Als der Zoll uns auf der Rückfahrt rauswinkte, war ich ruhig wie ein Unschuldslamm. Schließlich war ich ja auch eins.

Zu dieser Zeit, 1981, gab es die Grenze zwischen Holland und Deutschland noch. Vier bärtige Zottel von Anfang 20, die gerade wohlgemut mit einem Alfa Romeo aus Amsterdam heranrauschten, wirkten damals auf deutsche Zöllner so harmlos wie Klaus Kinski in den Edgar-Wallace-Filmen.

Die Beamten, die ich heimlich mit meiner Kleinbildkamera durchs Fenster knipste, nahmen sich erst mal den Alfa vor. „Auseinandernehmen“ trifft es sogar noch besser. Sie zerlegten, schraubten ab und bogen auf, auch die Innenverkleidungen der Türen. Sogar die Radkappen montierten diese Superprofis ab.

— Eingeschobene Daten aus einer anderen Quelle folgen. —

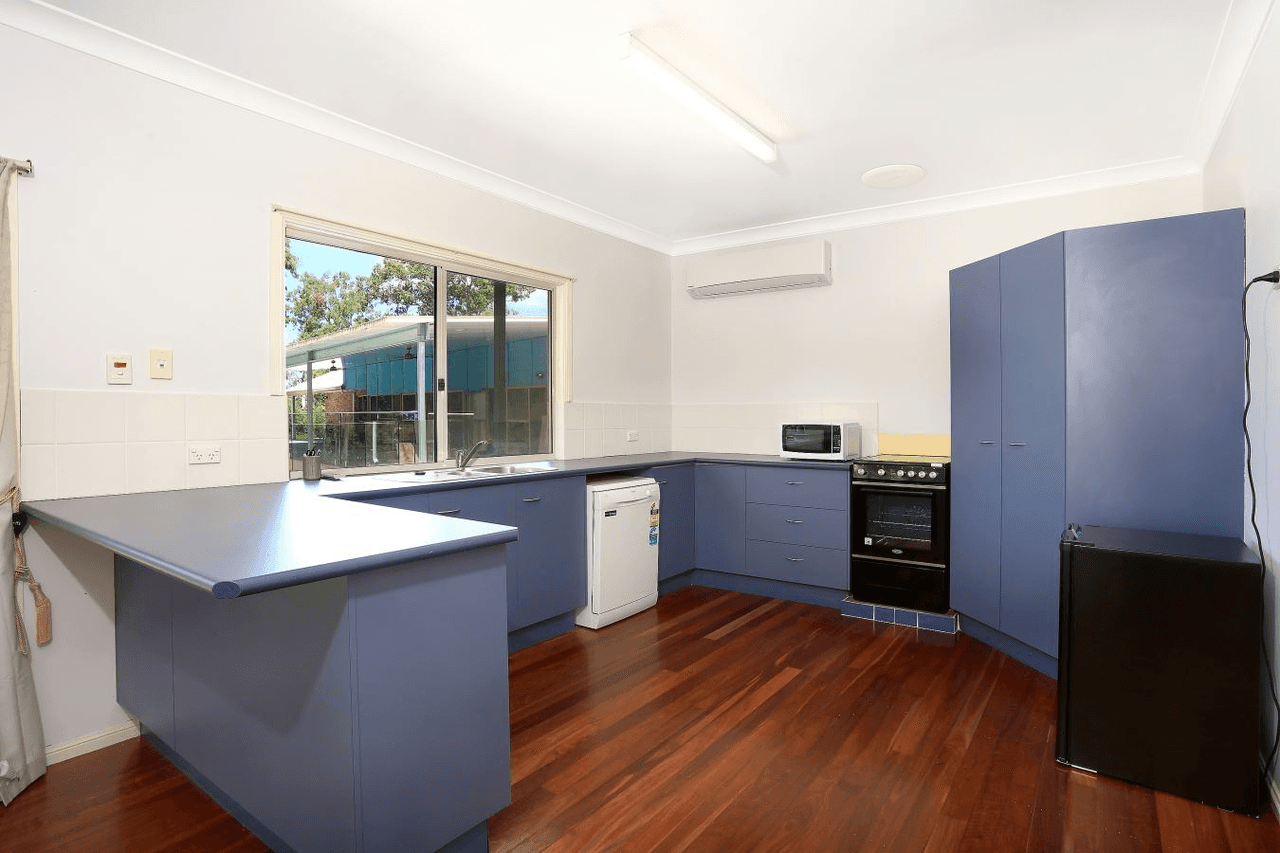 25 Bertana Drive, MUDGEERABA, QLD 4213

Derweil wurden wir voneinander getrennt. Jeder musste einem Zöllner folgen. Ich landete in einem komplett gekachelten leeren Raum. Der Beamte stellte sich in etwa zwei Meter Abstand vor mich hin und sagte:

„So, jetzt ziehen Sie sich bitte aus. Und werfen Sie mir jedes Kleidungsstück einzeln zu. Außer der Unterhose. Die nur schütteln.“

Ich zog mich aus und warf ihm alles ordnungsgemäß rüber. Er betastete und knetete Schuhe, Strümpfe, Jacke, Hemd und Hosen sorgsam und legte sie beiseite. Und dann kam es zum Äußersten.

Ich, ein bärtiger, vor Aufregung zitternder Zottel, stand in einem gekachelten leeren Raum an der deutsch-holländischen Grenze splitternackt vor einem uniformierten Zollbeamten – und schüttelte meine Unterhose.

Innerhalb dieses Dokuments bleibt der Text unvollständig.